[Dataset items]
━━━━━━━━━━━━━━━━━━━━

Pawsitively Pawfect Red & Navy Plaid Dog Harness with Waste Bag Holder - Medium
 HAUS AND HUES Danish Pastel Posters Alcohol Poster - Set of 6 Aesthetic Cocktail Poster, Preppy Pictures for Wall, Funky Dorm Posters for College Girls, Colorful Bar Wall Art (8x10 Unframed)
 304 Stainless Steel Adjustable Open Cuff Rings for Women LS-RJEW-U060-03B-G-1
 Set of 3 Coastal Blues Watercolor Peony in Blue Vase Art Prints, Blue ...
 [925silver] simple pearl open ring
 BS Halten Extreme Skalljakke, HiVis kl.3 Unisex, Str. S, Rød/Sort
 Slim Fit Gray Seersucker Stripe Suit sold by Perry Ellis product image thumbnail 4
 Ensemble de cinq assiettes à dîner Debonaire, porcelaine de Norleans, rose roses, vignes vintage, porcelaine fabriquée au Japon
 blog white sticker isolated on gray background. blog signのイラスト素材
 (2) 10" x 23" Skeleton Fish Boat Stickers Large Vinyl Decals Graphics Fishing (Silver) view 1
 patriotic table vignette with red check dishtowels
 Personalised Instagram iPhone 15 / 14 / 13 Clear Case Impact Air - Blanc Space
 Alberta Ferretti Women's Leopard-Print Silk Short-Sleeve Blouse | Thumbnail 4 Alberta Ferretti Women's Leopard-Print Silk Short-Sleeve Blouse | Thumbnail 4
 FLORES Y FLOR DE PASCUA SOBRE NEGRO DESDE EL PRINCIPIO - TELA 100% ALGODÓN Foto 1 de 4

━━━━━━━━━━━━━━━━━━━━

The answer must be a single number: how many lines in the records above contain the word "with".

2